▶ _WHAT THE TASK ASKS_: Copy exactly the last part of the entries, starting from the line with "Swimming pool of" and including the final line.
___ EXTRACTED RECORDS
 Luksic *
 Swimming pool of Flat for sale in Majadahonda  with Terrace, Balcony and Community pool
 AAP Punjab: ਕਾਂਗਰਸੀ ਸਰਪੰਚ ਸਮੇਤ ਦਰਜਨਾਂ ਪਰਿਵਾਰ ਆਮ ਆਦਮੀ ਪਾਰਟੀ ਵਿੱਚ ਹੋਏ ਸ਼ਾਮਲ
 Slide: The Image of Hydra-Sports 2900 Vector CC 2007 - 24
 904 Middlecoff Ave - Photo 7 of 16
______
▶ _WRITTEN SOLUTION_:
 Swimming pool of Flat for sale in Majadahonda  with Terrace, Balcony and Community pool
 AAP Punjab: ਕਾਂਗਰਸੀ ਸਰਪੰਚ ਸਮੇਤ ਦਰਜਨਾਂ ਪਰਿਵਾਰ ਆਮ ਆਦਮੀ ਪਾਰਟੀ ਵਿੱਚ ਹੋਏ ਸ਼ਾਮਲ
 Slide: The Image of Hydra-Sports 2900 Vector CC 2007 - 24
 904 Middlecoff Ave - Photo 7 of 16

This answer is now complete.